Comment avez-vous rencontré Fanon ?
J'ai rencontré Fanon à la fin de ma vingtaine, à travers Peau noire, masques blancs. Je suis donc finalement un lecteur tardif, même si ça fait plus de vingt ans que je m'intéresse à lui. A l'époque, j'avais par hasard laissé traîner l'ouvrage sur le bureau de mon lieu de travail, et une jeune femme, l'apercevant, c'était de suite mise à me parler de Fanon : elle s'appelait Rabéra, une jeune Malgache... J'ai compris immédiatement la force politique que suscite son oeuvre, comme un signe de ralliement, un sésame, en tout cas, quelque chose qui appelle la rencontre, certainement pas la division...
Ce qui me touche chez Fanon, c'est son tempérament d'écrivain, où la totalité de sa personne s'engage dans le geste d'écriture et dans la dictée intellectuelle - car Fanon dictait ses livres. Ses textes, viscéraux et très physiques, viennent de son corps autant que de sa tête.
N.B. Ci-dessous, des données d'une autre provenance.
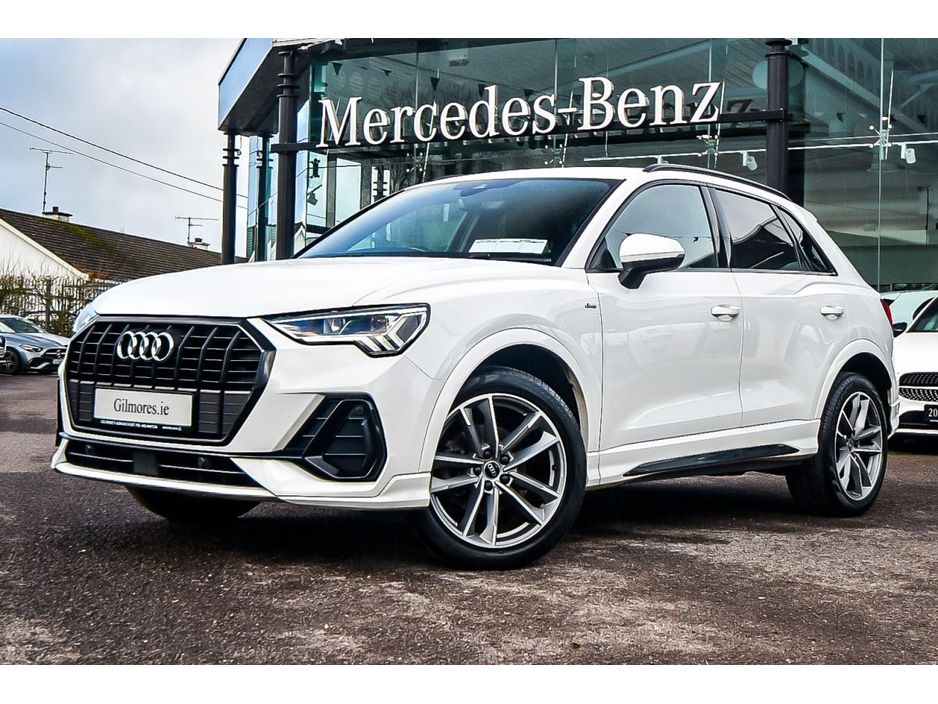 2023 Audi Q3 35 TDI 150HP S Tronic S line €43,850
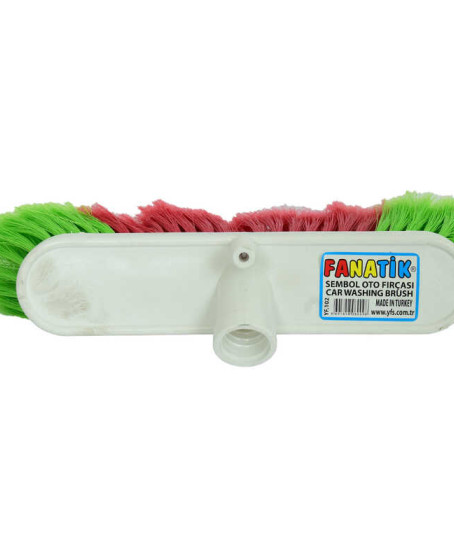 Sembol Yumuşak Yer Fırçası Karışık Renk 24 Cm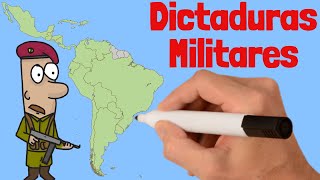 ¿Cómo Fueron Los Regímenes Dictatoriales en América Latina [upl. by Ennelram]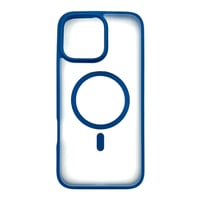 Nettech Apple iPhone 16 Pro Max Uyumlu NTN060 Arka Koruma Kılıf (Mavi) NT111226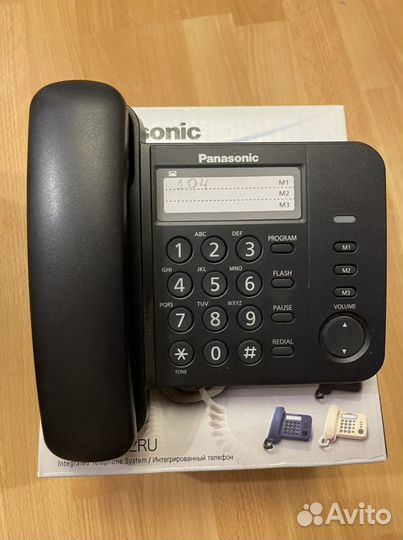 Телефон Panasonic стационарный
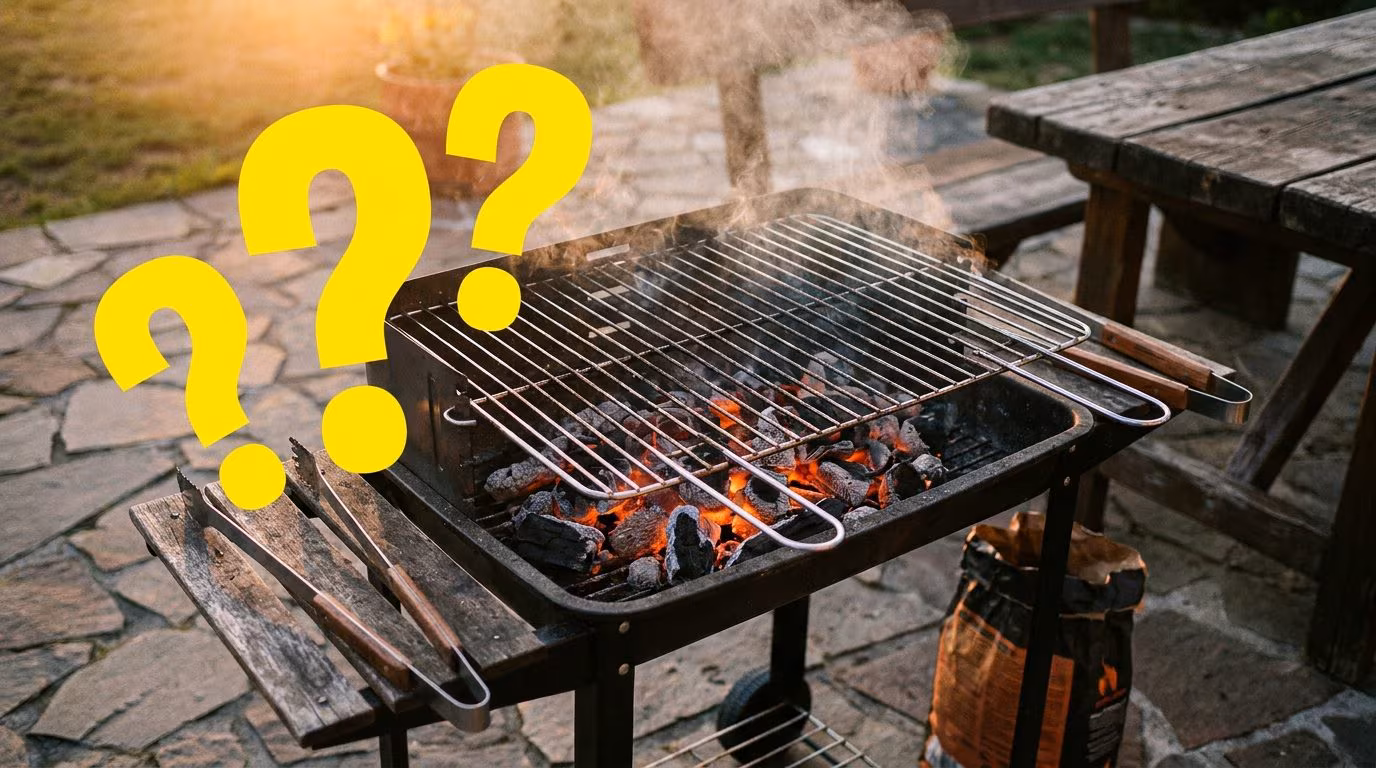 Slik kaster du grillkullaske: usortert eller, hvis naturlig, i hagen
Comme il le dit de manière bouleversante en conclusion de Peau noire, Masques blancs : "Mon ultime prière : Ô mon corps, fais de moi toujours un homme qui interroge !" Sa relation à la chose écrite est fascinante. Il s'en s'imprègne avec une intensité inouïe. Citons son extraordinaire lettre à son premier éditeur Francis Janson, en 1952 : "Les mots ont pour moi une charge. Je me sens incapable d'échapper à la morsure d'un mot, au vertige d'un point d'interrogation." Voilà : Fanon pense en écrivain, ce qui en fait un penseur unique et certainement pas un cabot de salon. S'il n'avait pas été écrivain, je ne suis pas sûr que je me serais autorisé à écrire sur lui.
Quel angle avez-vous choisi pour raconter Fanon, votre Fanon ?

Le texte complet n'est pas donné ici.